Jordan was well acquainted with these facts because she had picked up the glossy hardbound book titled The Vega Corporation: Sixty Years of Success off the low table beside her and, out of sheer boredom, read the entire thing from front cover to back. Twice.

‘I’m not leaving without an appointment to see Mr de la Vega,’ she said.

This was not news to the security man. She had made the same request on her arrival, and again an hour ago when it had become obvious that his call to the CEO’s assistant had garnered no result.

‘He is not available.’

‘Which is why I want to make an appointment,’ she explained with exaggerated patience. ‘So that I can see him when he is available.’

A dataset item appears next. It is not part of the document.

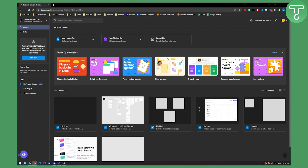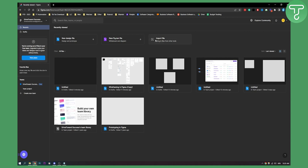Now keep in mind you can import sketch files, Figma files, image files, PNG, JPEG, GIF. You just need to click on import file, or you can also drag and drop files in here, and that will open up files as well.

‘It is not possible,’ the man said, and with that he clamped a giant hand around her upper arm and hauled her to her feet.

Jordan gasped. ‘Wait!’ She braced her legs to resist, her flat rubber-soled shoes giving her feet a much-needed moment of purchase on the shiny marble. ‘You’re not seriously going to manhandle me out of the building?’

‘I am sorry, senyorita,’ he said, but the sidelong glance he sent her didn’t look apologetic so much as...pitying.

She bristled at the implication of that look. It wasn’t difficult to guess what he and his colleagues behind the desk were thinking. A man as wealthy and powerful as their boss must have an abundance of female admirers and hangers-on, and his staff were no doubt required to act as gatekeepers on occasion.

But Jordan was no jilted lover or wannabe mistress. ‘Please,’ she persisted, hating the desperate note that crept into her voice. ‘Can you just call his office one more time?’

Somebody must still be up there. Sure, it was almost six-thirty p.m., but didn’t working hours in Spain differ from the norm at home? And hadn’t she read an online article just yesterday in which the CEO was quoted as saying he not only worked long hours himself, but expected key members of his staff to do the same?

But the guard shook his head. ‘Call tomorrow,’ he said.

Jordan felt the sharp bite of frustration in her belly. She’d already phoned the day before, and the day before that. Each time she’d been stonewalled by the CEO’s uppity assistant. Which was why she had trekked across the city in the stifling mid-August heat this afternoon and shown up in person.

She planted her feet and locked her knees, but her strength was no match for the guard’s. He started walking and she was forced to stumble along beside him, clutching her tote bag and the shreds of her dignity as he marched her towards the automatic sliding glass doors.

Her heart lurched. A few more steps and she’d be out on the street, back to square one.

The glass doors parted before them, letting in a blast of hot air, and she thought of the envelope in her bag—the letter she’d carried ten thousand miles across the globe—and a crushing sense of failure engulfed her.

All because she couldn’t find her way to the top of this imposing corporate fortress to see one man.